Based on the data from our early studies, we hypothesized that the host heart is constantly talking to the engrafted heart cells and vice versa, as they attempt to restore the failing heart. The host-graft communication will be able to affect both host's and transplanted heart cells' behaviour. We also hypothesized that this communication is altered by different host environments (i.e. scarred) and when different types of heart cells are introduced into the host heart. So as to improve the pumping action of failing hearts, we need to understand the host-graft crosstalk at the genomic level. This will enable us to alter the host-graft communication, in order to improve the heart cells' engraftment and reinstate the pumping ability of the heart.

Thus, the key goals of this study are first to identify the unique genomic signatures of infarcted rat hearts with and without cell therapy. This will enable us to understand how the individual cells are talking to each other and changing their behaviour, in response to the environment and themselves. Secondly, we will identify a panel of small molecules that will improve the ability of the stem cells-derived heart cells to engraft and restore the heart's pumping ability. Thirdly, we aim to test whether the small molecules will improve the heart cells' engraftment within human cardiac tissues in the laboratory setting. We will also use ageing & infarcted human tissues to best simulate the clinical trials setting.

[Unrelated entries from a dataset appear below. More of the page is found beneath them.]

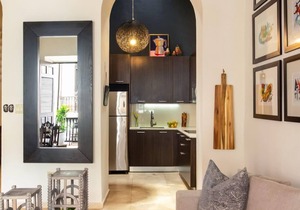 Villa Blanca | Stylish Colonial in Best Location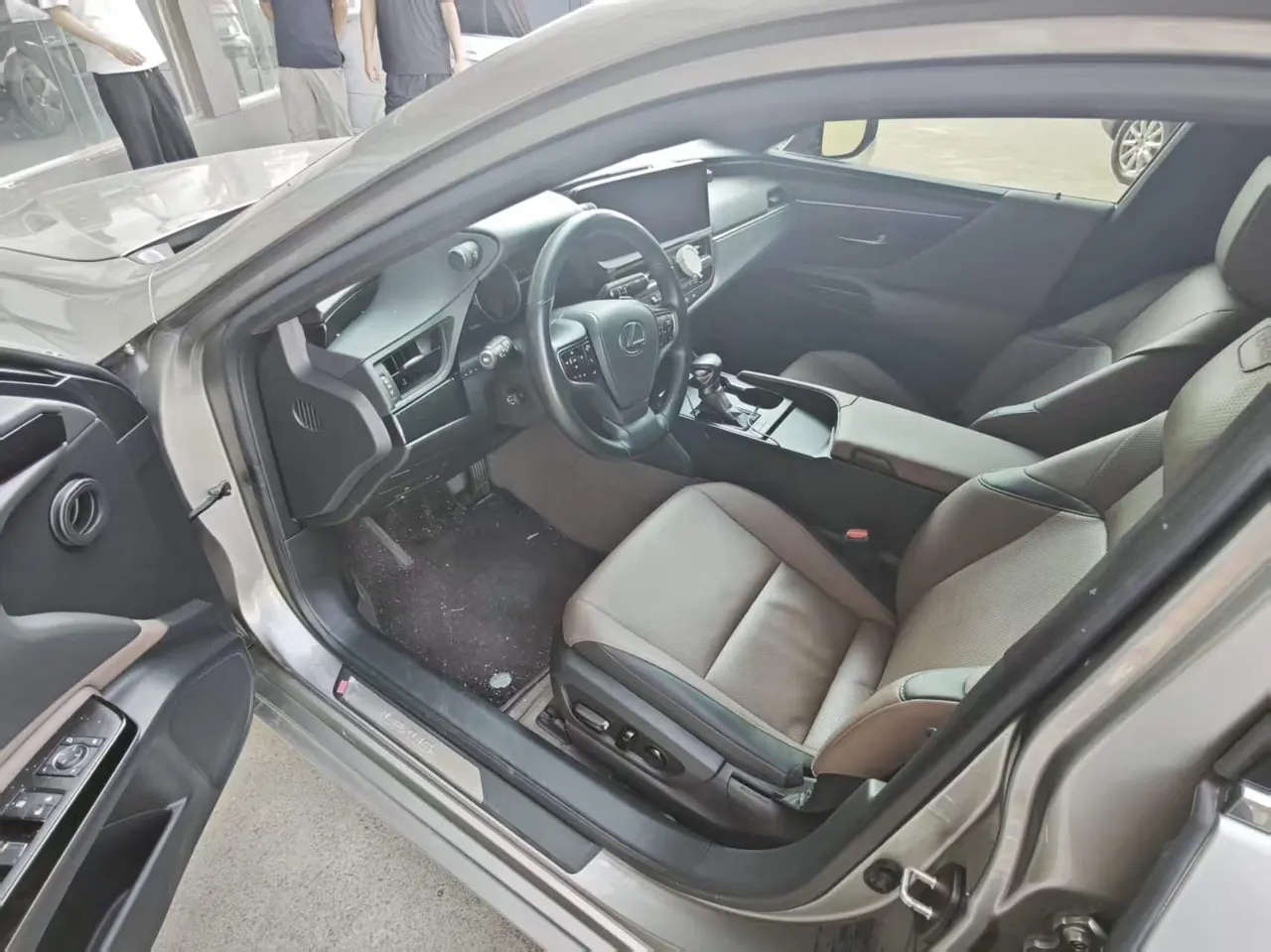 Lexus ES (Imported) 2022 ES300h 2.5 Stepless Premium Edition Automatic Gear 2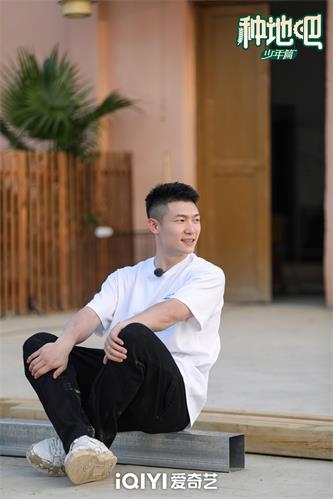 1687328550169571.jpg 乔治.jpg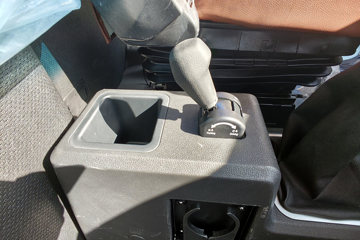 ŷ������3 7L���� 330���� 4X2 ��ʿ��8�� 6.2�ײ�դʽ�ػ���ͼƬ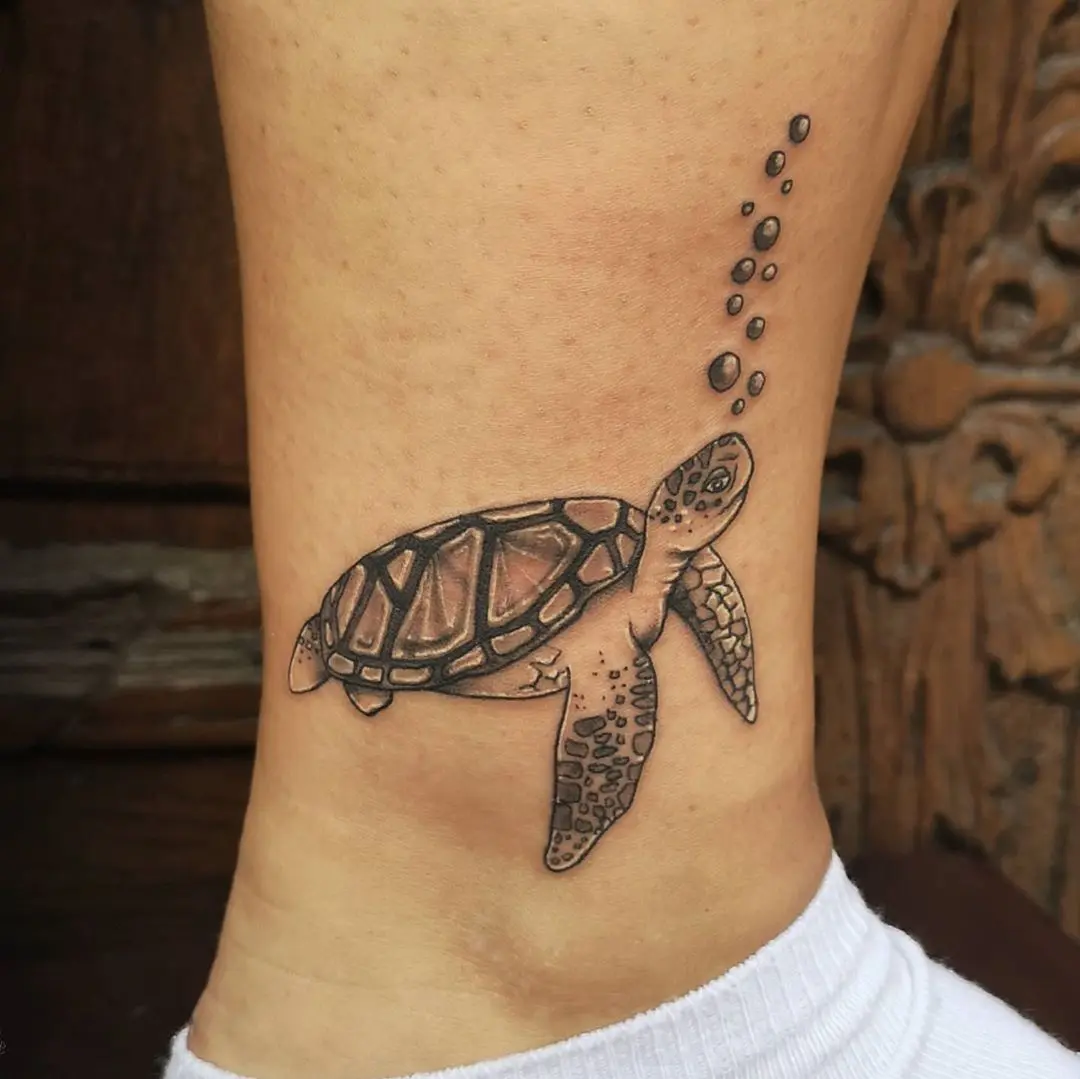 Galerías de Tatuajes Increíbles 90 𝔾𝕠𝕝𝕕 𝕊𝕚𝕝𝕧𝕖𝕣 𝕋𝕒𝕥𝕥𝕠𝕠 2020.09.11 2 of 2 Das doppelte Schildkrotchen gestochen von @mileytattooartist unter anderem auf @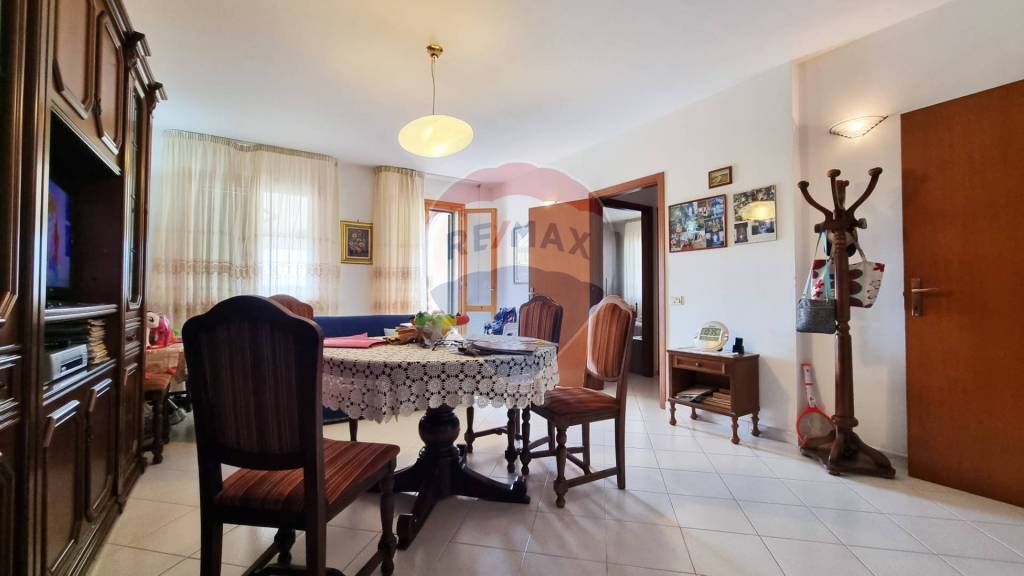 casa indipendente in vendita a Cecina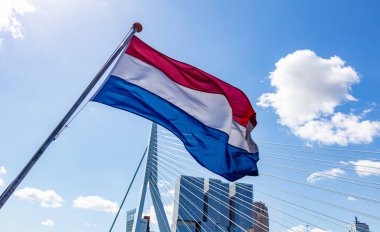 Rotterdam'da teknede sallanan Hollanda ulusal bayrağı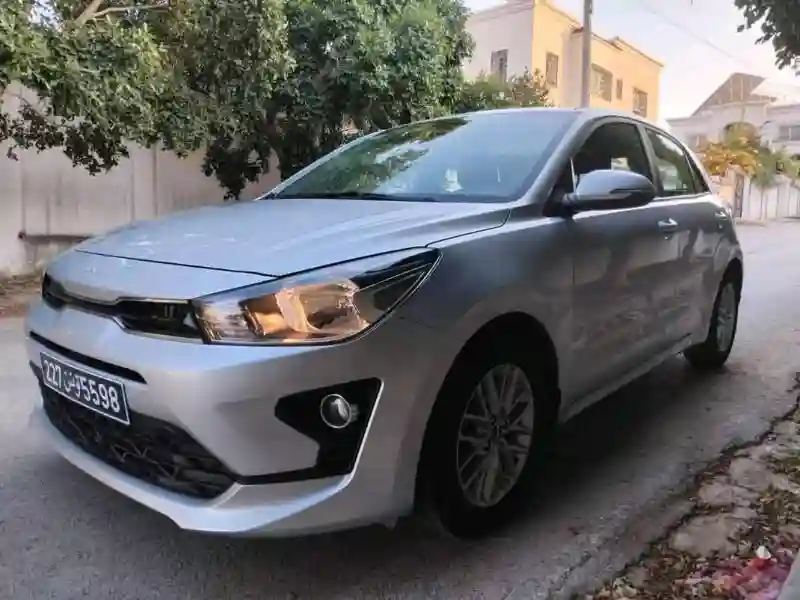Kia RIO Essence 2022 - Vue 7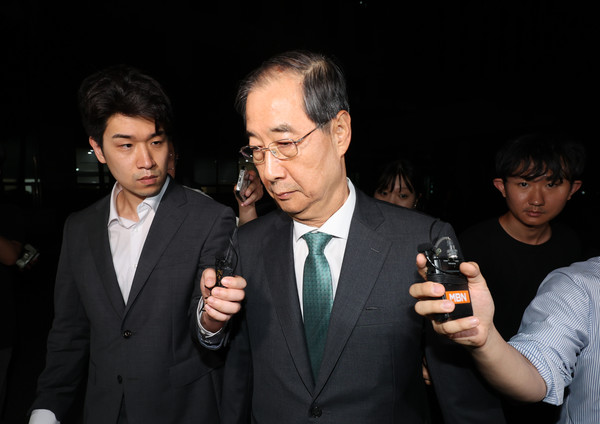 지난 2일 서울 서초구 서울고검에서 내란특검 조사를 받은 뒤 청사를 떠나고 있는 한덕수 전 국무총리. 연합뉴스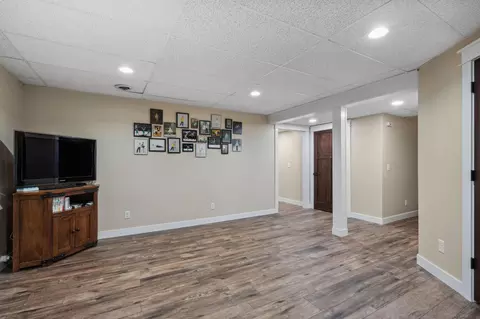 Entry Way - 2407 7th Ave SW, Austin, MN 55912 photo 11 of 12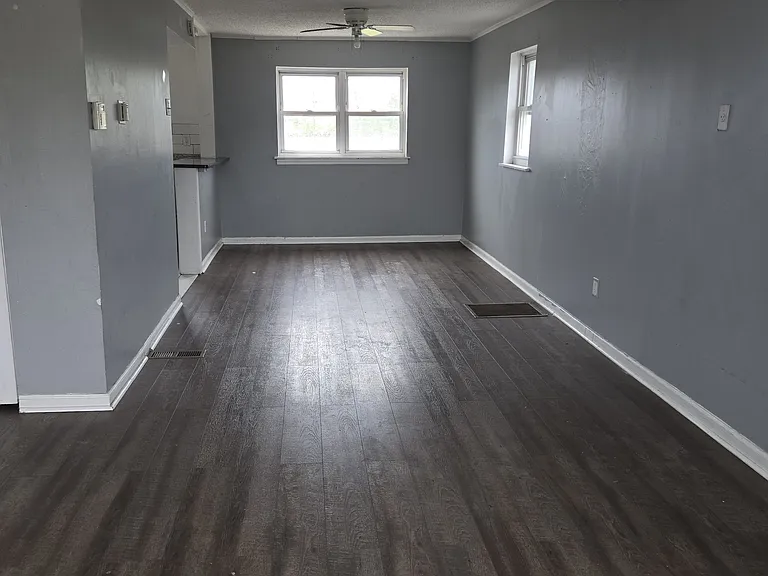 601 Randolph St — Photo 3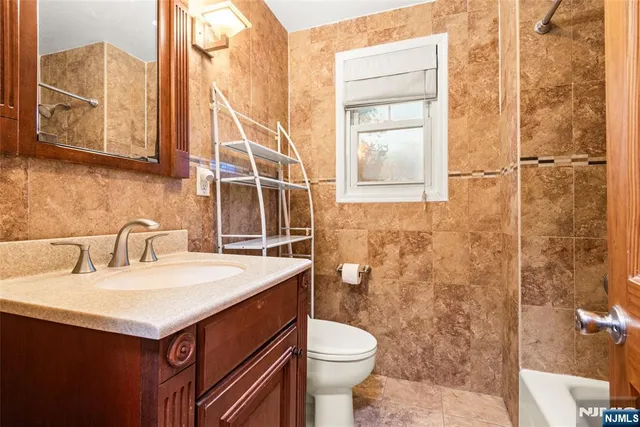 $599,000 | 313 Elm Avenue, Bogota, NJ 07603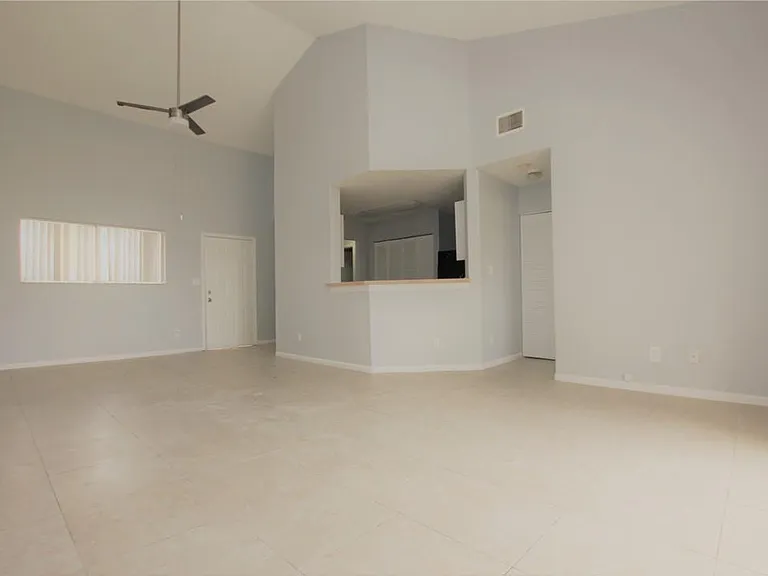 3413 NW 44th St #201 — Photo 4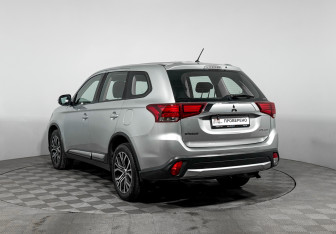 Подержанный автомобиль Mitsubishi Outlander 2016 года (7 фото)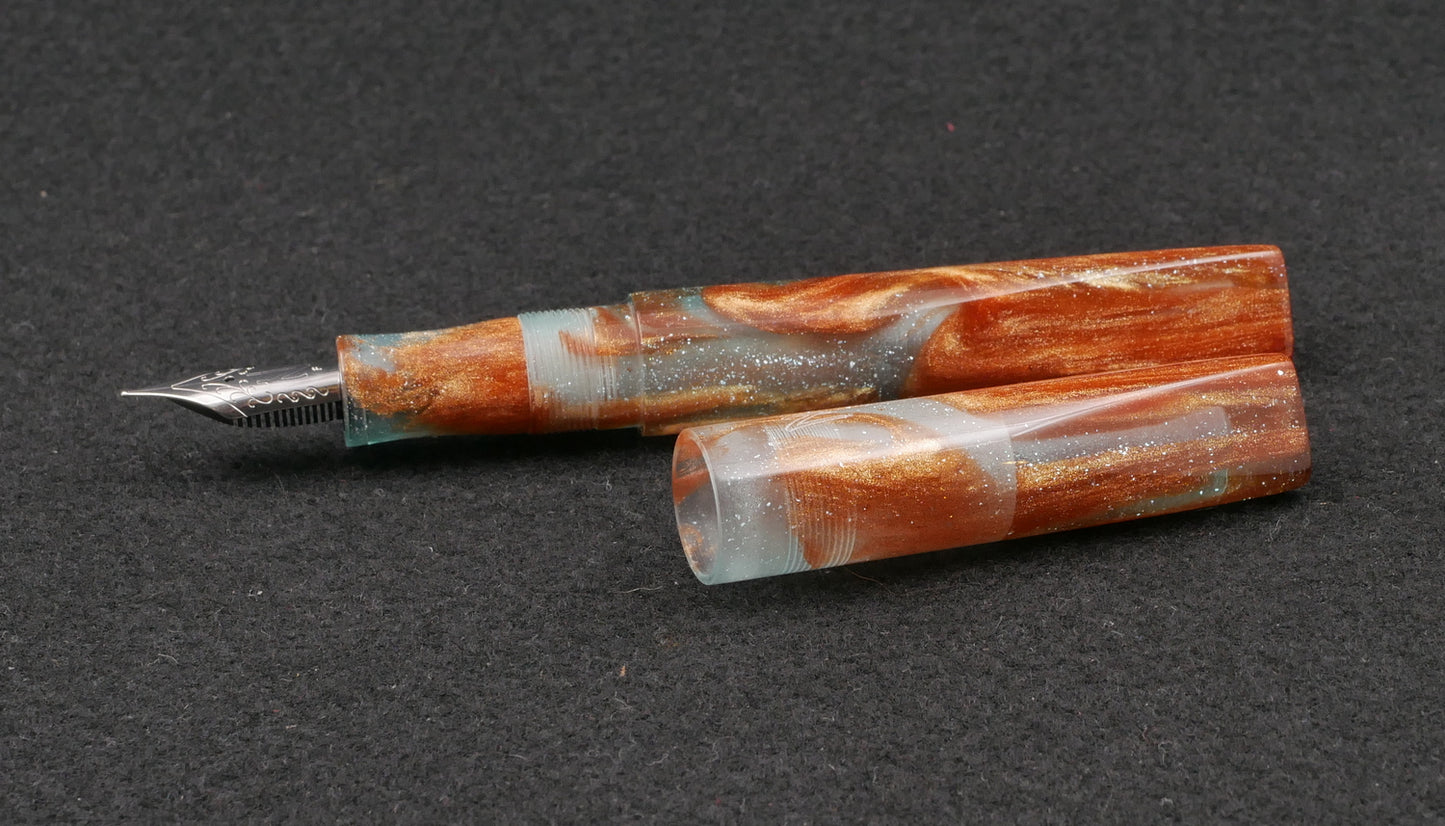 Prospector - Medium - Eel And Anchor Copper Sea Glass resin - Jowo #6 nib
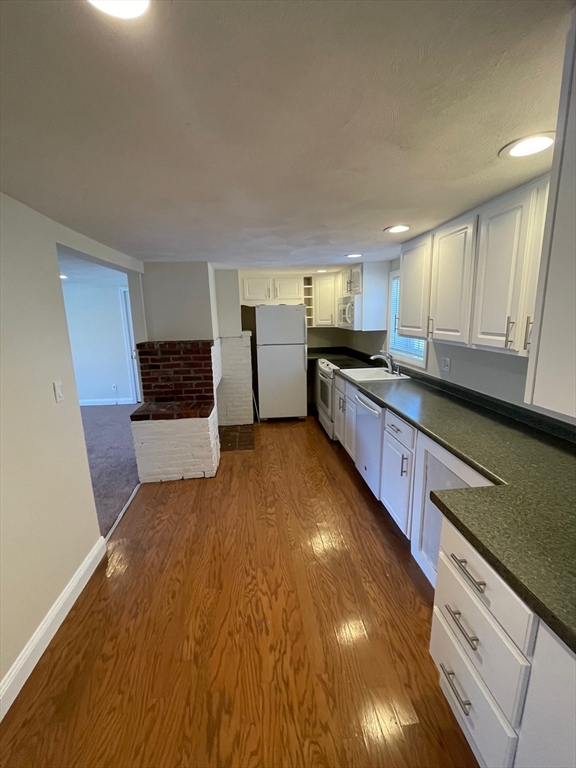 380 Main Street # 1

Testing the engraftment of human heart cells with complex human heart tissues in the laboratory is unique. This gives us the chance to address any challenges prior to clinical trials. Overall, this project is a key step to developing stem cells-derived heart cells as a commonplace heart failure treatment - a more accessible treatment alternative to heart transplantation.

Technical Summary

1 in 2 patients will die within 5 years from a heart failure diagnosis as there is no definitive cure to date. Human embryonic stem cells (hESC)-derived cardiomyocytes have great potential for cardiac repair and regeneration following myocardial infarction (MI) although challenges e.g. cell survival, engraftment, maturation and electrical integration remain. Successful 'primary remuscularization' of the infarcted heart was observed when (hESC)-derived cardiomyocytes were introduced soon after MI. Recently, we improved outcomes by co-delivering (hESC)-derived epicardium, a key stromal cell enabling the epicardial-myocardial crosstalk necessary for cardiac embryogenesis. However, the clinical challenge remains chronic heart failure. Previous attempts at remuscularizing the chronically infarcted hearts with (hESC)-derived cardiomyocytes alone have shown no benefit. We reasoned that the hostile environment of chronically infarcted myocardium would pose a greater engraftment challenge to the (hESC)-derived cardiomyocytes.

Our preliminary testing with alternative cellular approaches e.g. species-matched (neonatal rat cardiomyocytes) or combination cellular therapy (hESC-cardiomyocytes and hESC-epicardium) showed that cellular therapy could regenerate the chronically infarcted rat heart, albeit to a lesser extent than in the subacute MI setting.

We hypothesise that the graft-host tissue niche and its crosstalk play an instrumental role in determining successful cellular integration as well as overall cardiac functional recovery. Unfortunately, the graft-host cellular niche and its crosstalk remain poorly understood. In this application, we propose to define the graft-host niche and delineate their crosstalk in chronically failing rat hearts at the transcriptomic and spatial levels, in order to identify the principal barriers to donor-recipient integration. We will then test ways to improve cardiomyocyte integration using complex in vitro human heart systems.